None of the letters were stamped — a federal offense that carries a fine of $2,000 to $10,000. They were not signed, nor did they have return addresses. Each contained a sort of history lesson I suspect was copied from internet sources, given the language used. Only one had a question as to “what planet I live on” if I don’t understand the evils of socialism.
Nonetheless, none of the letters were nasty and I suspect they came from decent folks who had legitimate concerns that were triggered by my use of the word “socialism.” Exactly my point in the commentary.
Here is where a prediction I made came eerily true. Simply by using the phrase “socialism, you better duck because you will get a barrage of invective and criticism …”
Well, I can’t categorize these letters as containing invective, but they were strong, even if copied from internet sources.
It appeared that only a couple of the letters were unique in that most used the same stationery and type font.

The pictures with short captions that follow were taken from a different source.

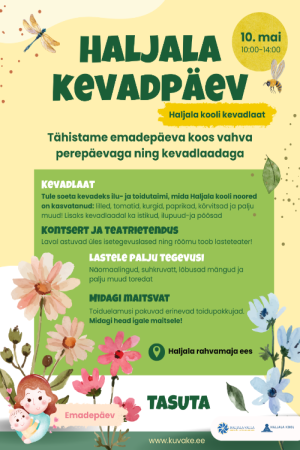 10.05 Haljala kevadpäev. Kevadlaat ja perepäev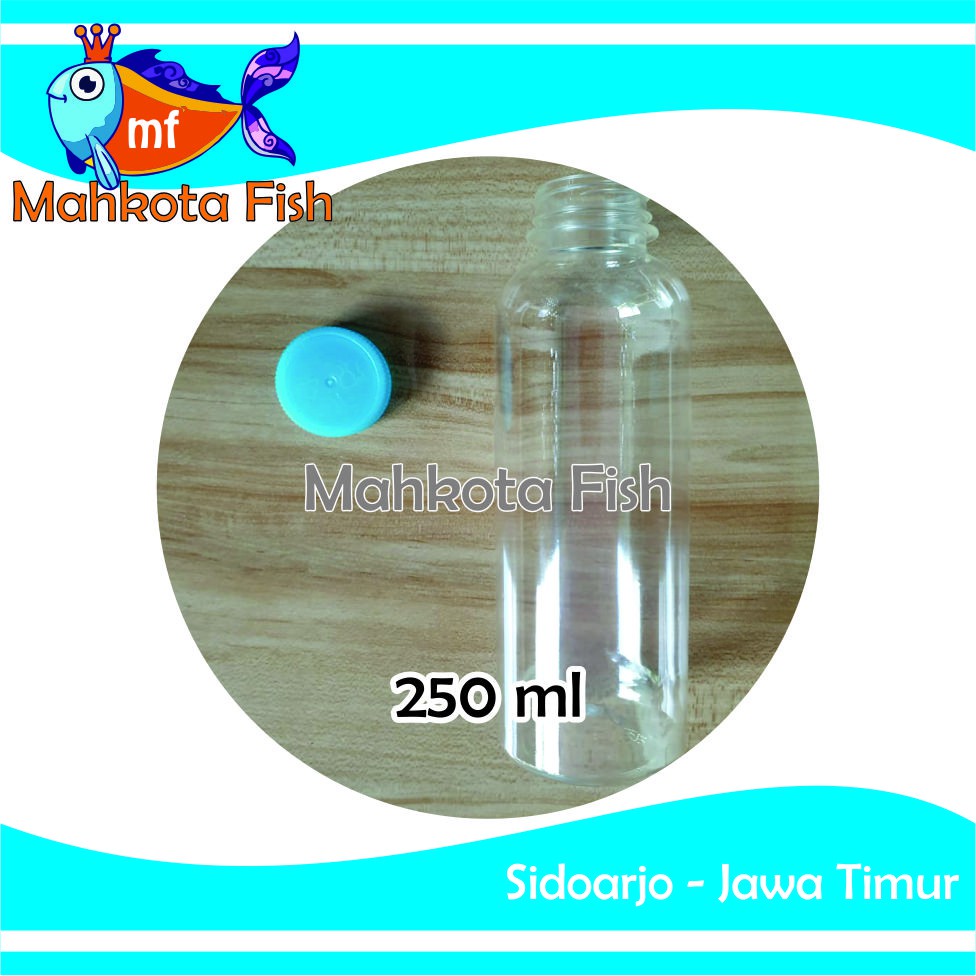 Botol Plastik 250 ml | Botol Repack | Botol Kemasan | Botol Kosong | Botol Bening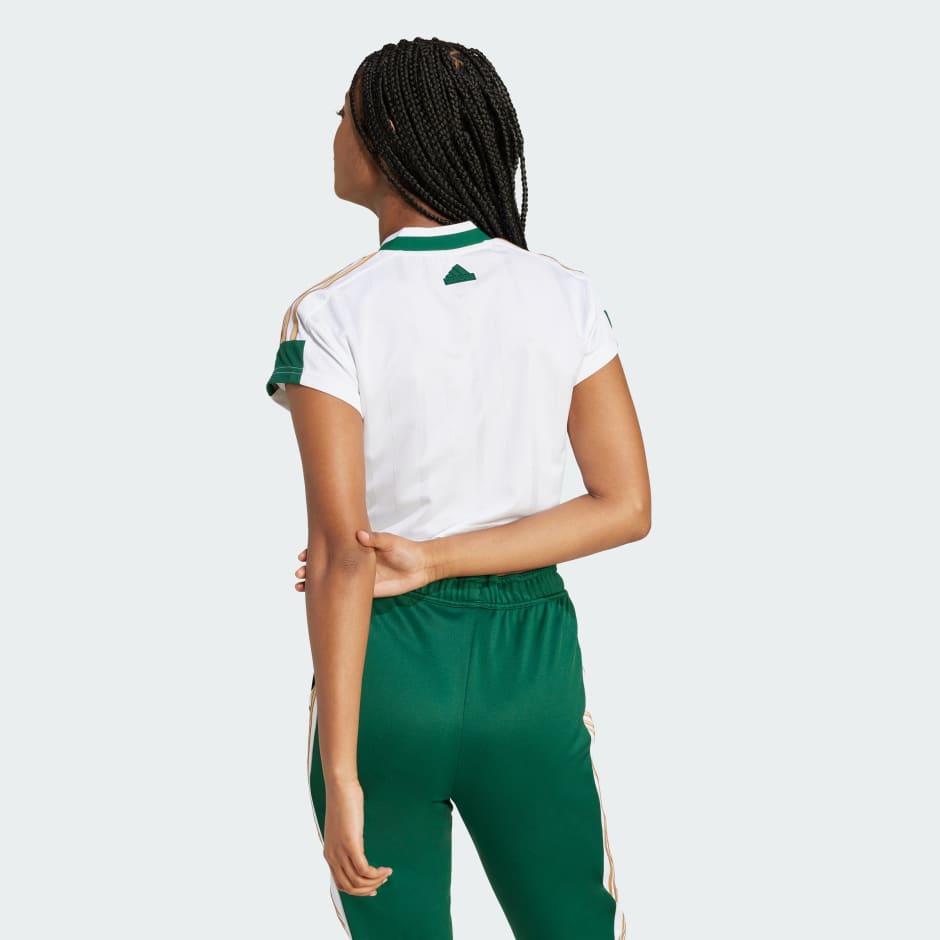 Tiro Cut 3-Stripes Crop Jersey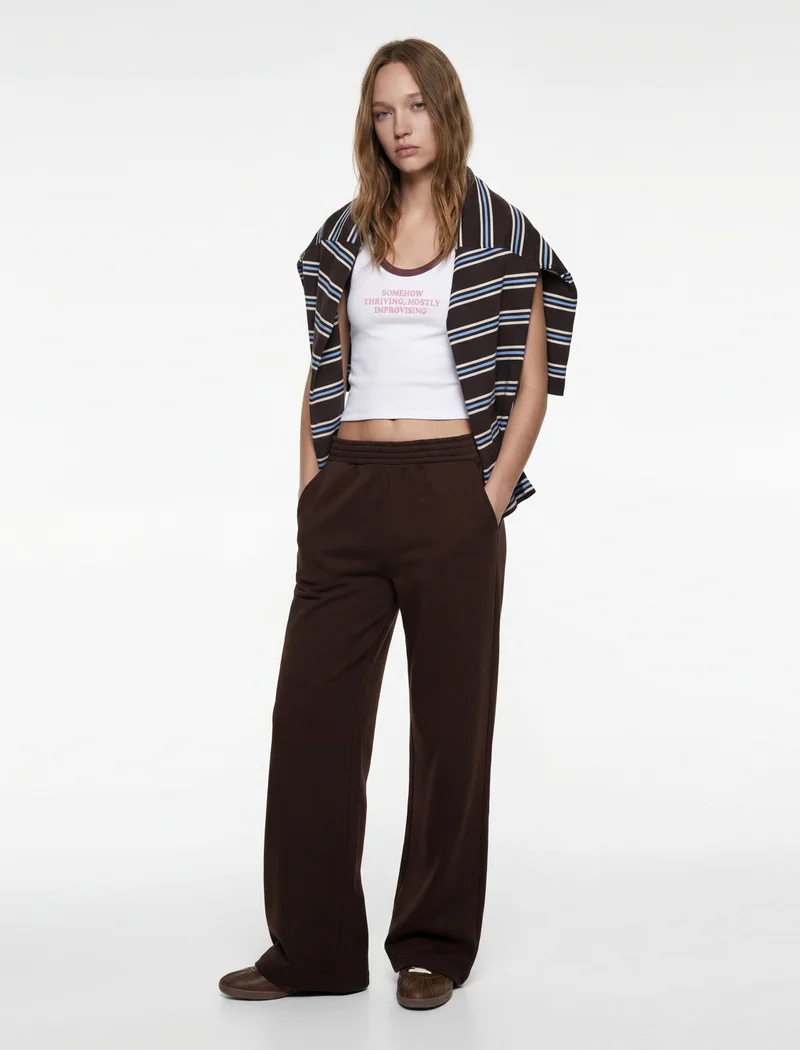 كوتون Flare Sweatpants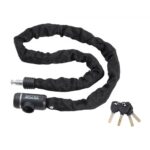 Candado de Cadena Integrado para Bicicleta de φ10 x 1200 mm con 3 Llaves, Candado de Cadena Resistente Antirrobo de Seguridad para Bicicletas, Motocicletas, Scooters, Puertas, Vallas, Portones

Then, to my surprise, over the next few days another 15 letters arrived, this time with stamps on them. Some were actually posted, others had stamps but no postage. Again, the letters were not signed and many of them used the same stationery and type font.
As I said in the commentary, I am no fan of socialism. Yet it appeared from the letters I received that some folks believed otherwise. Again, this confirms my thesis that the word elicits very strong reactions.
Let’s not fail to remember the awful days of Sen. Joseph McCarthy and blacklists. At the time, our nation was awash in a neurotic fear of communism.
I have studied history for many years, since I received my university degree in that field. In those studies, I have seen the worst conflicts and loss of life come to pass because of the use of inflammatory and, in many cases, not-well-understood words.
I salute the letter writers for their strong but decent presentation.